## PROBLEM STATEMENT
The listing below must be repeated word for word, without its pictures.

## DATA
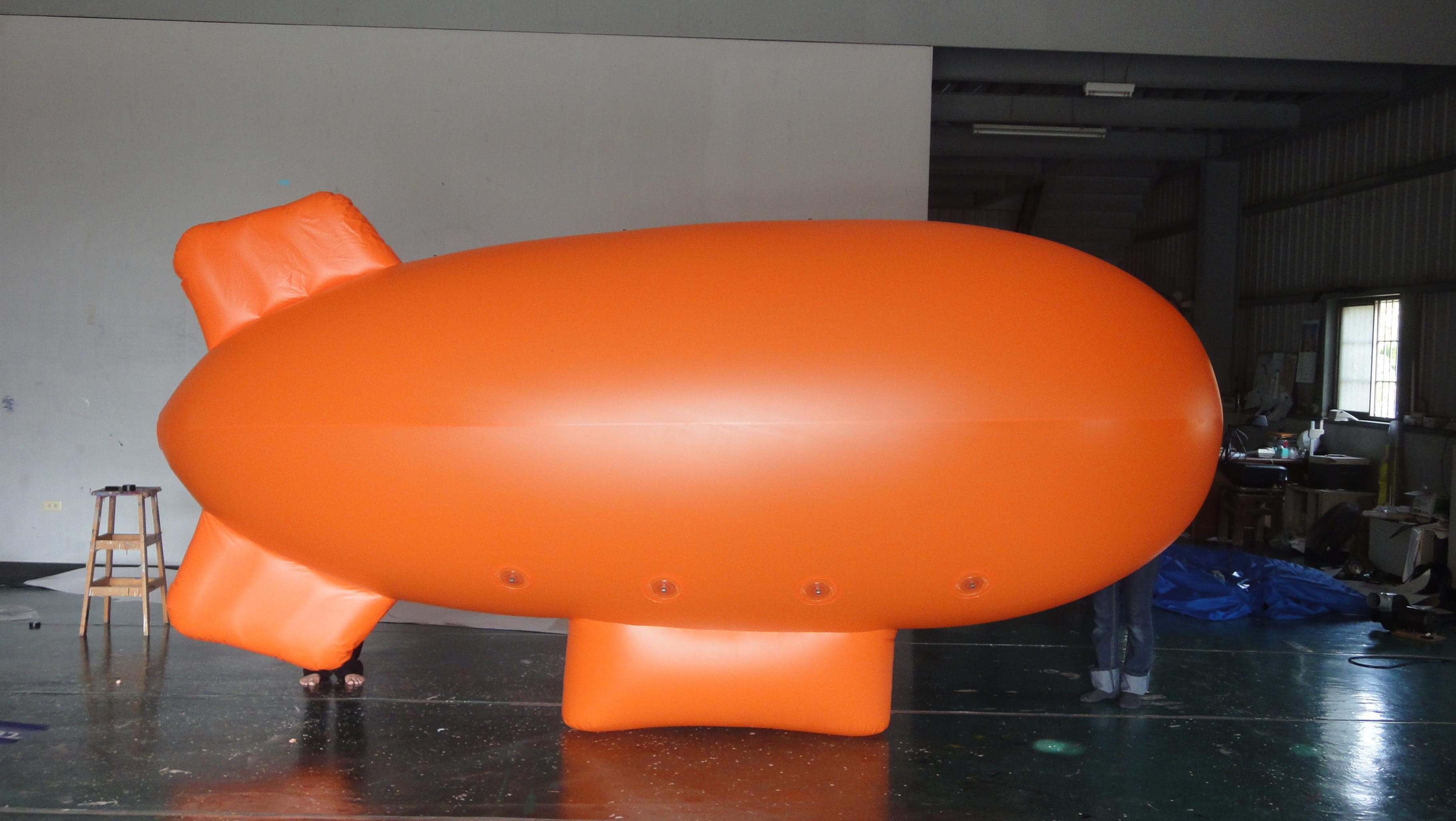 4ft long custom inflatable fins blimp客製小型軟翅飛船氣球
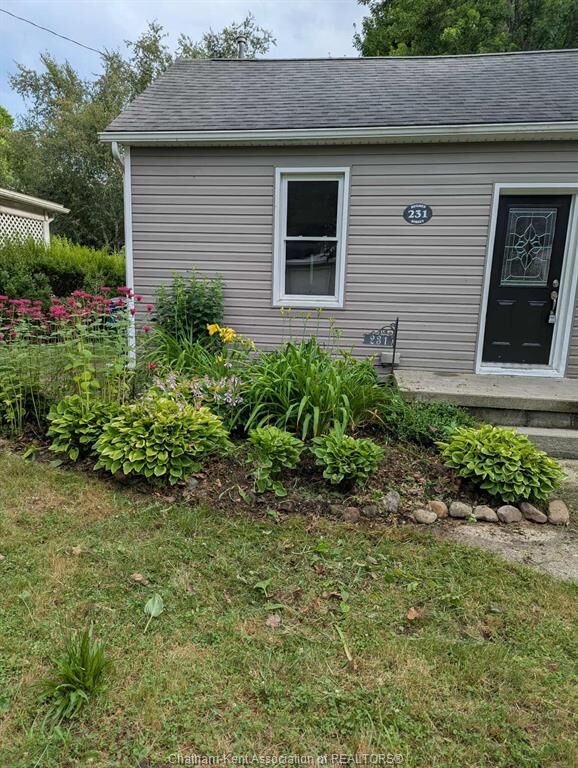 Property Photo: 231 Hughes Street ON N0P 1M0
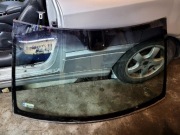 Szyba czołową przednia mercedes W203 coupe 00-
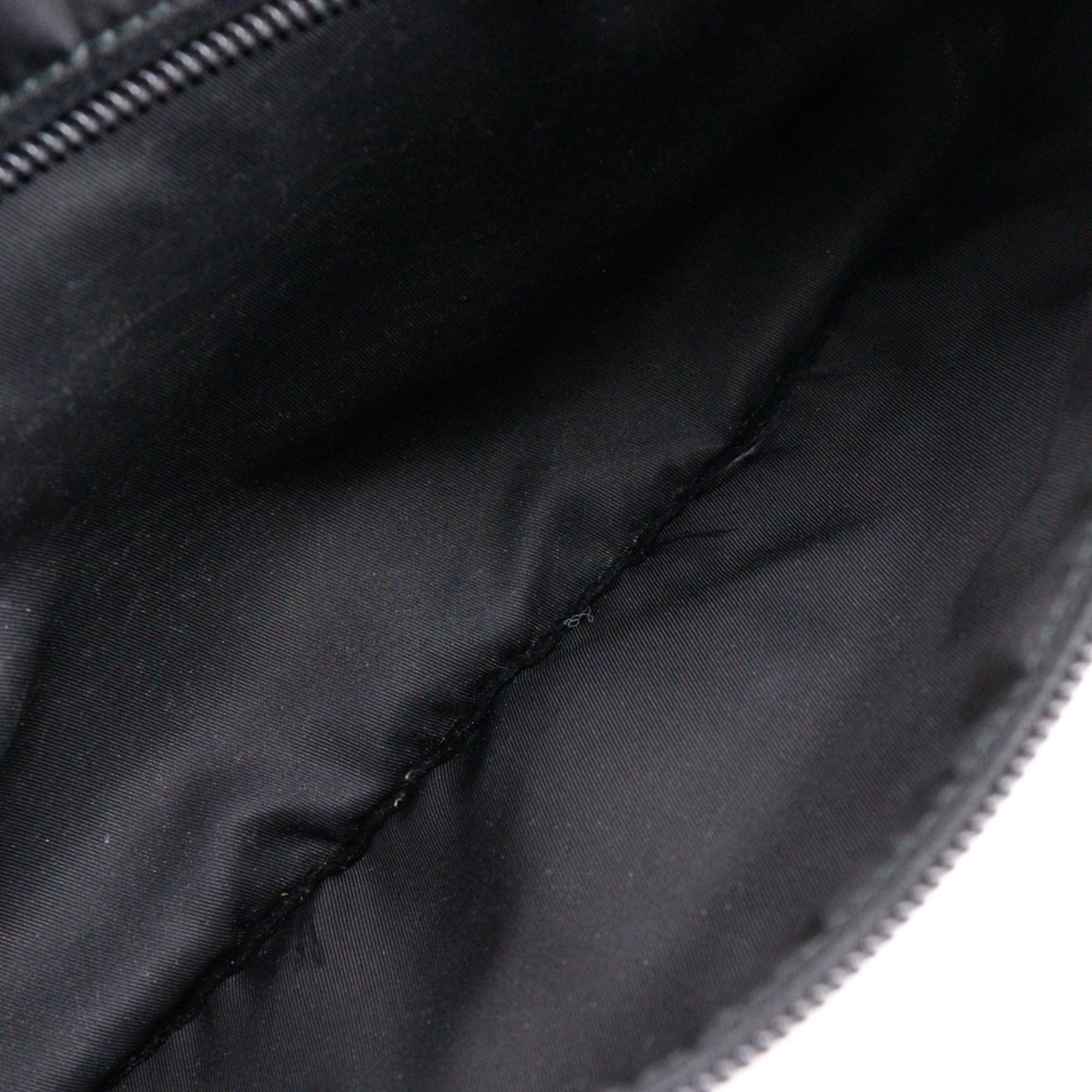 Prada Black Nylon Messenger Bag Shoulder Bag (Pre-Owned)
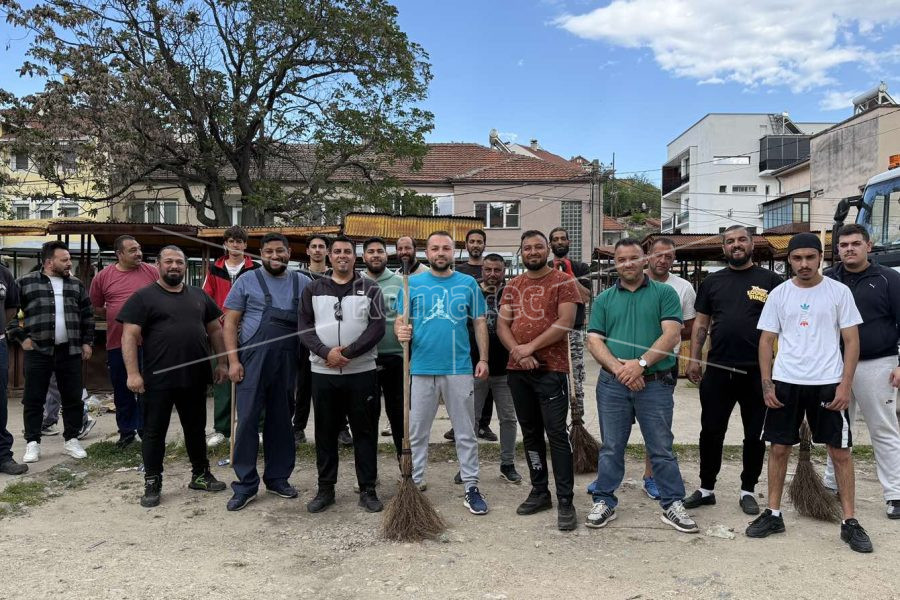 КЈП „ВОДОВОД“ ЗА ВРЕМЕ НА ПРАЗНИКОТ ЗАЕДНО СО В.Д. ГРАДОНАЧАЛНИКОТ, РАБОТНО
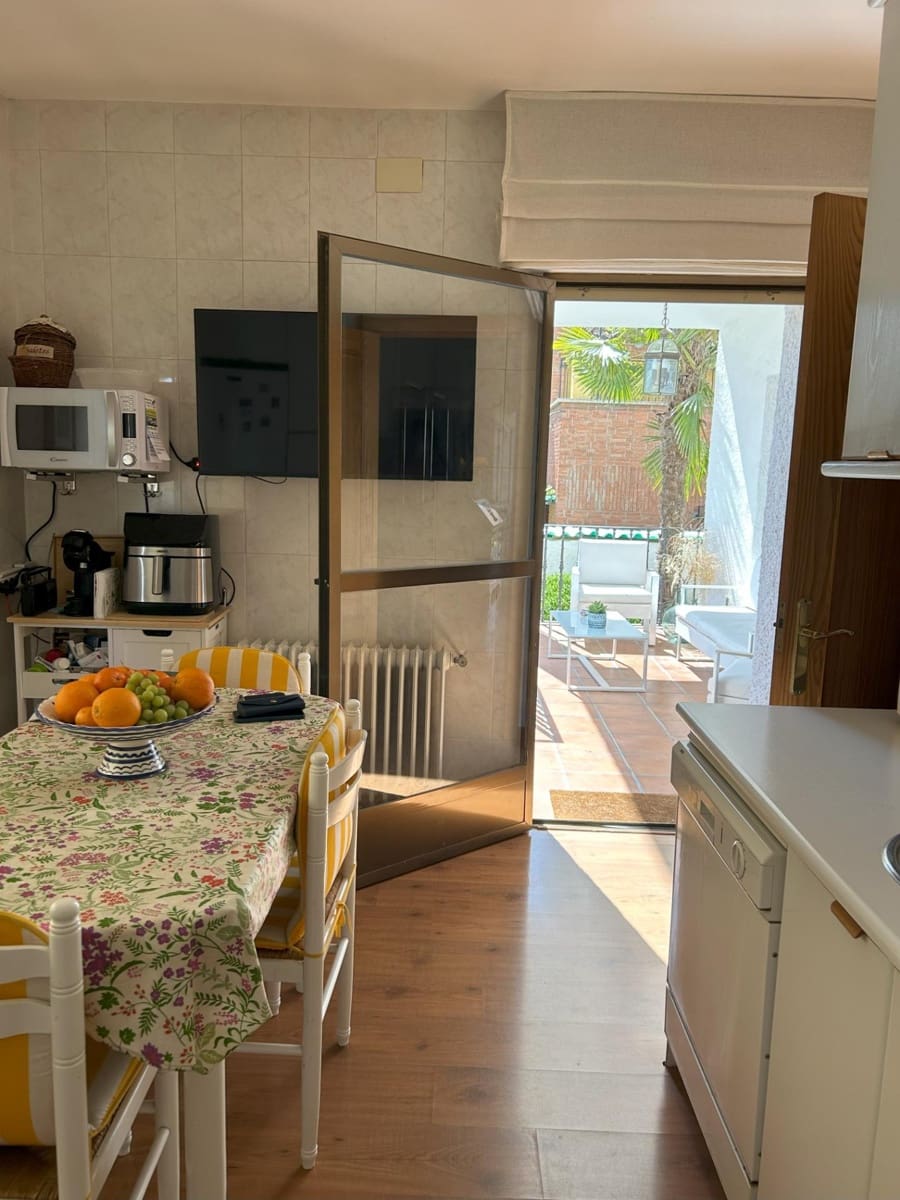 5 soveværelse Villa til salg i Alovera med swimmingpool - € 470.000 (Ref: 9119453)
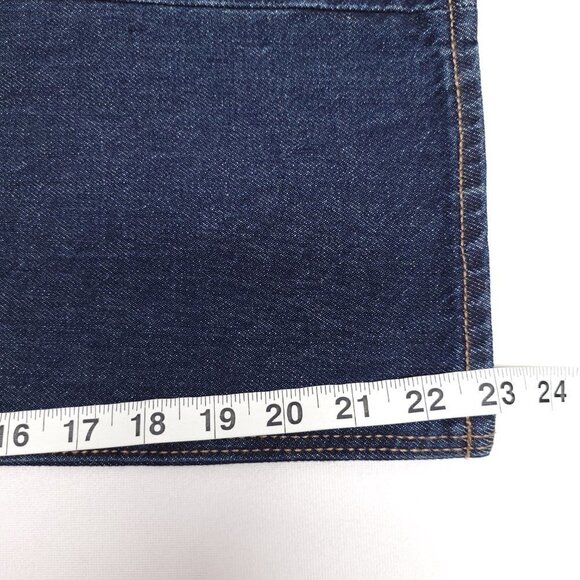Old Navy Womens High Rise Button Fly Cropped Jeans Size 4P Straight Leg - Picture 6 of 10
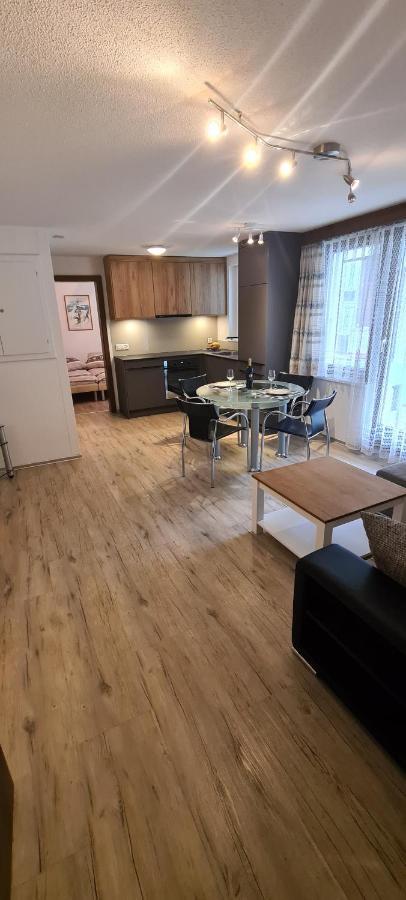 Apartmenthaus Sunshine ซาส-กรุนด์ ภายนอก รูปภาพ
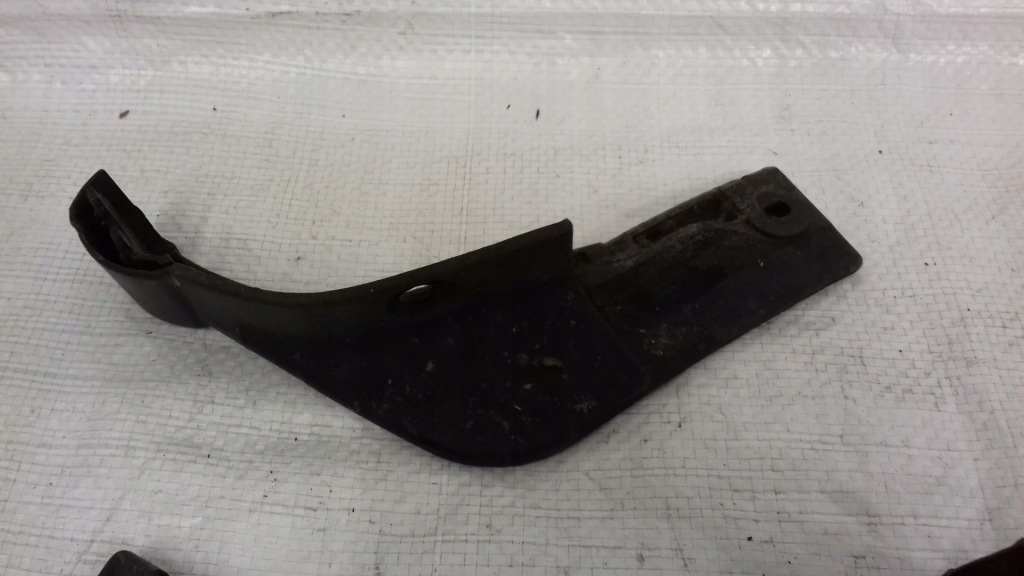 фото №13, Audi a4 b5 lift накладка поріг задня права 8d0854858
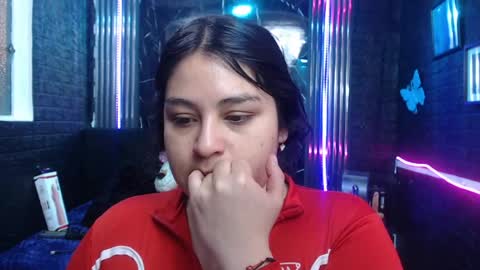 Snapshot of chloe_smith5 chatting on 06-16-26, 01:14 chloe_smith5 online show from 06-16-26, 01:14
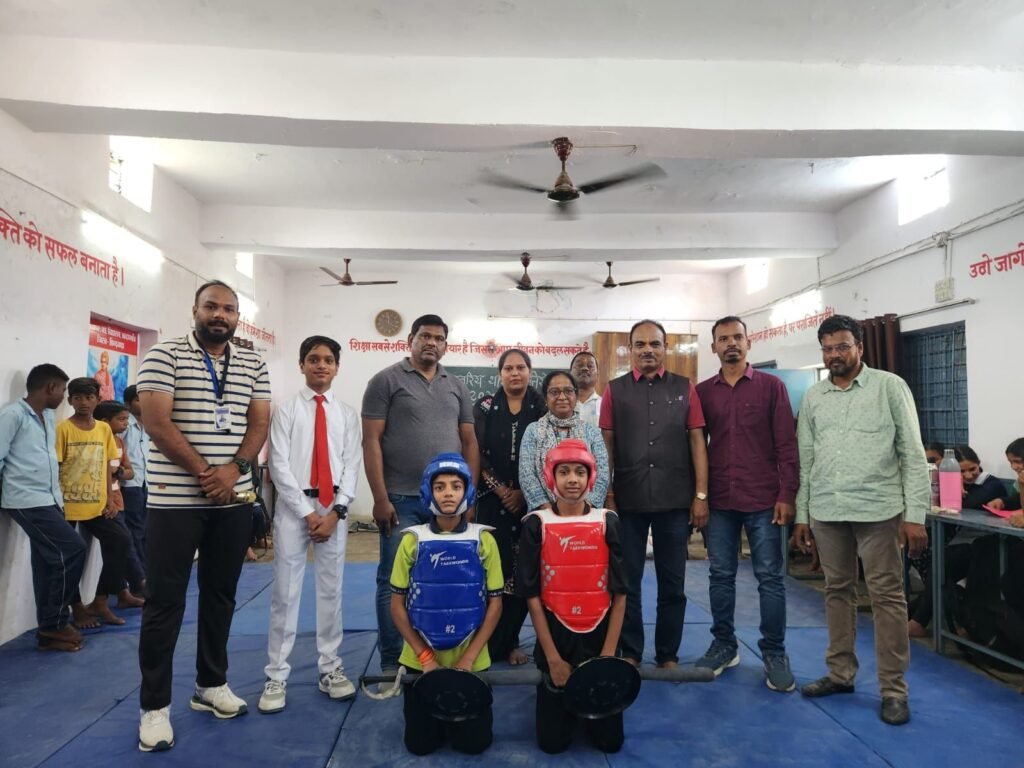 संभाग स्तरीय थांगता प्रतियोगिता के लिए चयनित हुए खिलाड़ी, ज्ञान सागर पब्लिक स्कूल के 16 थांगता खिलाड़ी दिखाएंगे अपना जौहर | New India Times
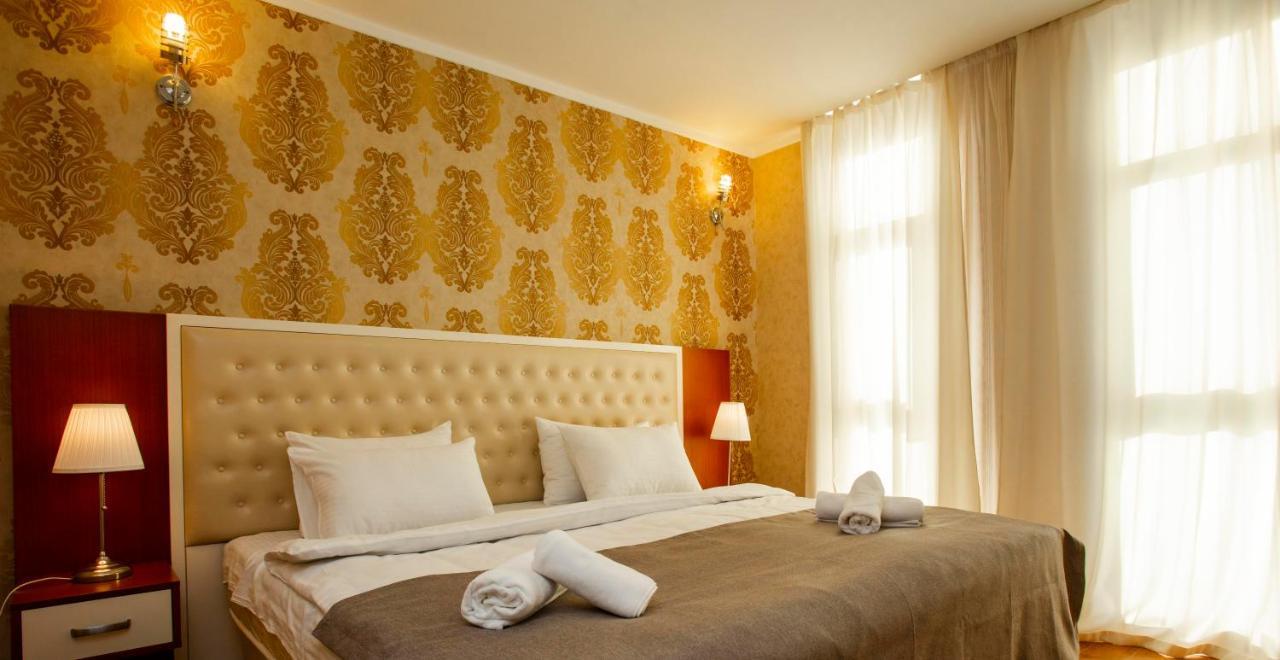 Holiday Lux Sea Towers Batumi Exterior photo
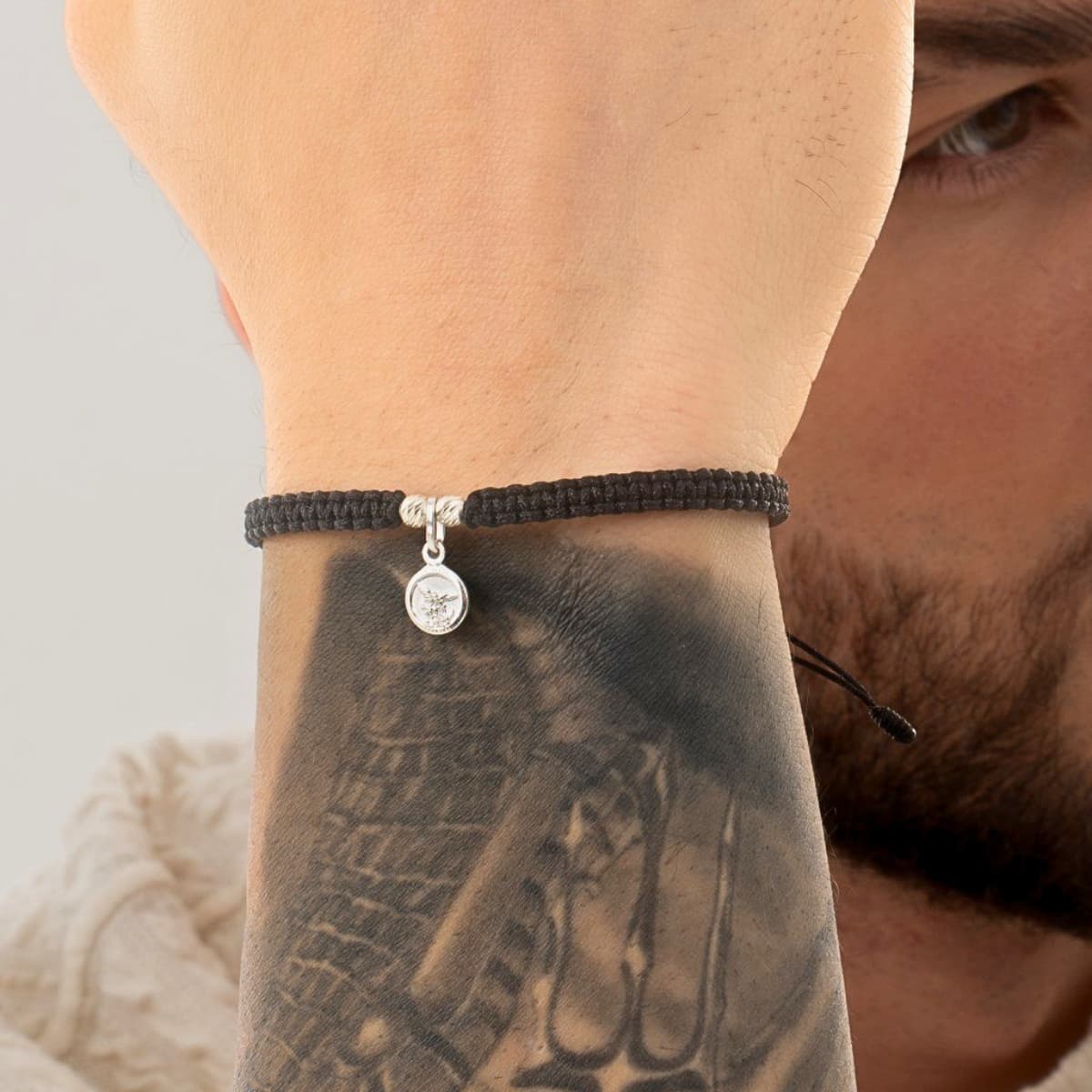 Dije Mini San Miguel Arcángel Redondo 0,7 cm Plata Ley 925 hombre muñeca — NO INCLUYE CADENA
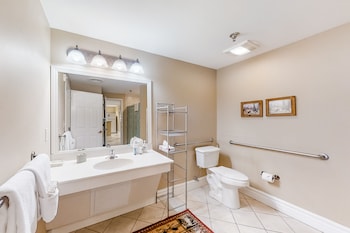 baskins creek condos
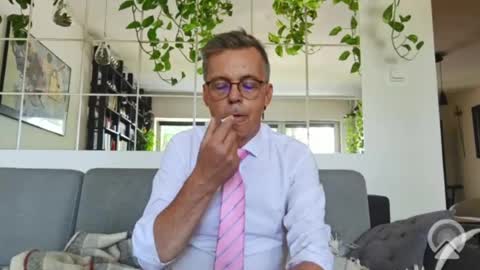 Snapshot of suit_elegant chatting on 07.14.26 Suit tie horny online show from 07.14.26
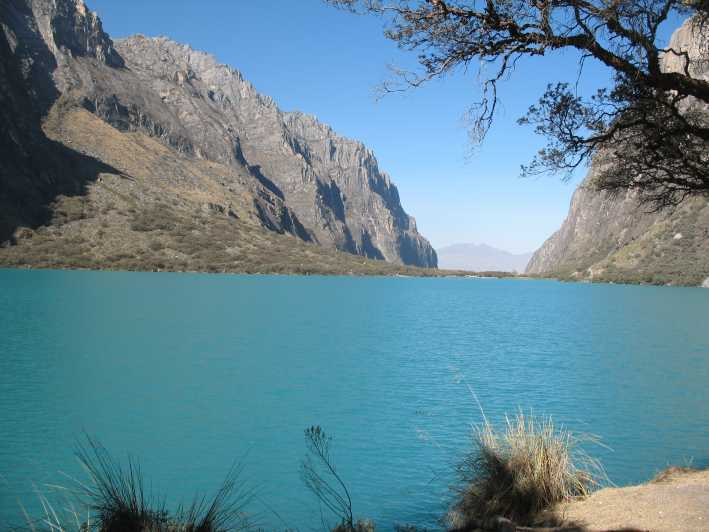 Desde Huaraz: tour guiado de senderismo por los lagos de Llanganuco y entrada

## EXPECTED ANSWER
 4ft long custom inflatable fins blimp客製小型軟翅飛船氣球
 Property Photo: 231 Hughes Street ON N0P 1M0
 Szyba czołową przednia mercedes W203 coupe 00-
 Prada Black Nylon Messenger Bag Shoulder Bag (Pre-Owned)
 КЈП „ВОДОВОД“ ЗА ВРЕМЕ НА ПРАЗНИКОТ ЗАЕДНО СО В.Д. ГРАДОНАЧАЛНИКОТ, РАБОТНО
 5 soveværelse Villa til salg i Alovera med swimmingpool - € 470.000 (Ref: 9119453)
Old Navy Womens High Rise Button Fly Cropped Jeans Size 4P Straight Leg - Picture 6 of 10
 Apartmenthaus Sunshine ซาส-กรุนด์ ภายนอก รูปภาพ
 фото №13, Audi a4 b5 lift накладка поріг задня права 8d0854858
 Snapshot of chloe_smith5 chatting on 06-16-26, 01:14 chloe_smith5 online show from 06-16-26, 01:14
 संभाग स्तरीय थांगता प्रतियोगिता के लिए चयनित हुए खिलाड़ी, ज्ञान सागर पब्लिक स्कूल के 16 थांगता खिलाड़ी दिखाएंगे अपना जौहर | New India Times
 Holiday Lux Sea Towers Batumi Exterior photo
 Dije Mini San Miguel Arcángel Redondo 0,7 cm Plata Ley 925 hombre muñeca — NO INCLUYE CADENA
 baskins creek condos
 Snapshot of suit_elegant chatting on 07.14.26 Suit tie horny online show from 07.14.26
 Desde Huaraz: tour guiado de senderismo por los lagos de Llanganuco y entrada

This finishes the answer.